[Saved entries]
------
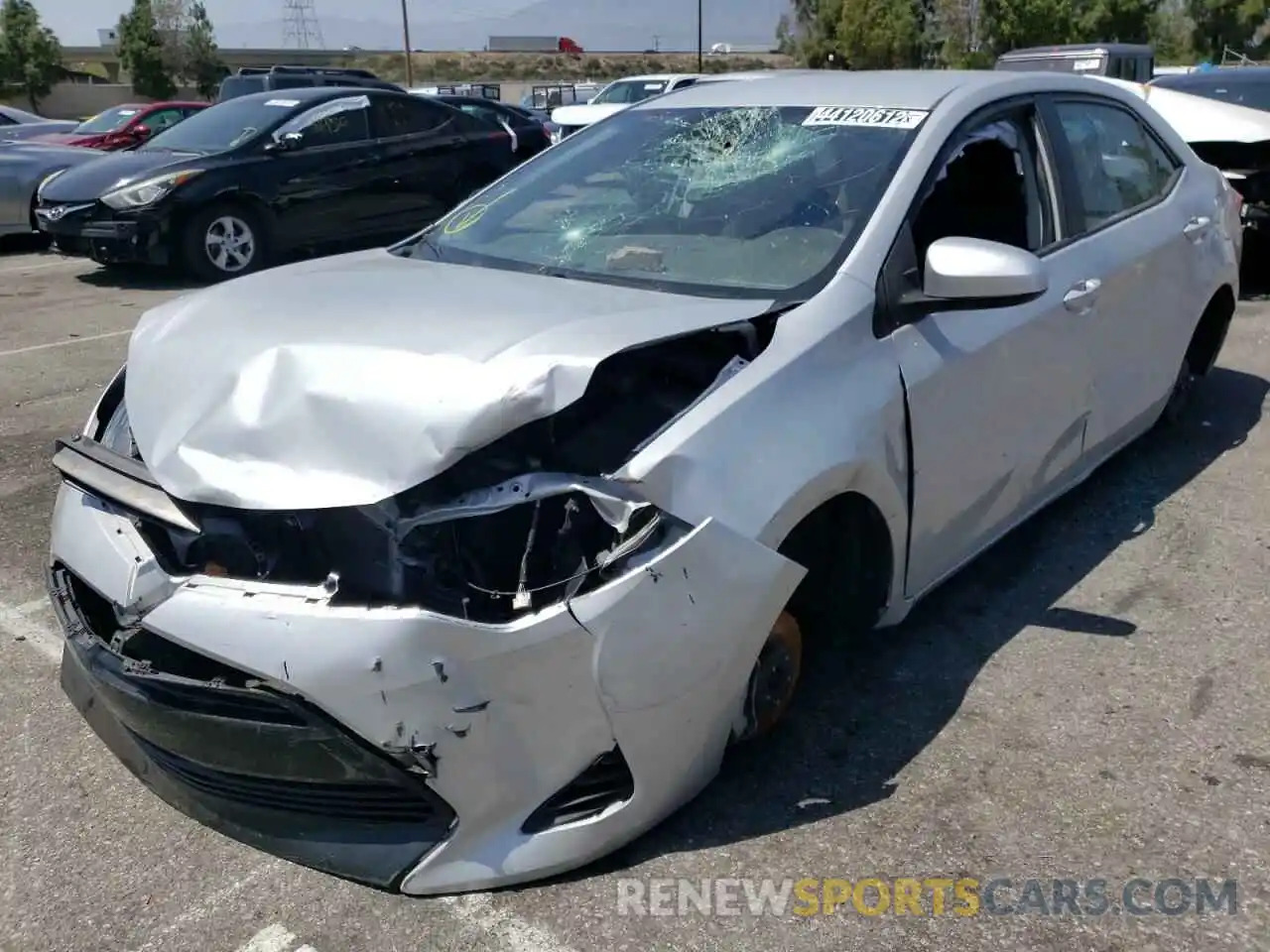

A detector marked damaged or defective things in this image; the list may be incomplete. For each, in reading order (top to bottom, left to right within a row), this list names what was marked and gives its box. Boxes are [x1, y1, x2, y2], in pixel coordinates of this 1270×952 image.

crumpled hood [548, 103, 627, 128]
shattered windshield [407, 103, 921, 298]
crumpled hood [126, 249, 774, 508]
cracked bumper [52, 476, 802, 892]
------
AIM OF THE EXERCISE: Leave the pictures behind and repeat each entry exactly.

SOLUTION TO THIS TASK:
A detector marked damaged or defective things in this image; the list may be incomplete. For each, in reading order (top to bottom, left to right within a row), this list names what was marked and gives its box. Boxes are [x1, y1, x2, y2], in pixel coordinates of this 1270×952 image.

crumpled hood [548, 103, 627, 128]
shattered windshield [407, 103, 921, 298]
crumpled hood [126, 249, 774, 508]
cracked bumper [52, 476, 802, 892]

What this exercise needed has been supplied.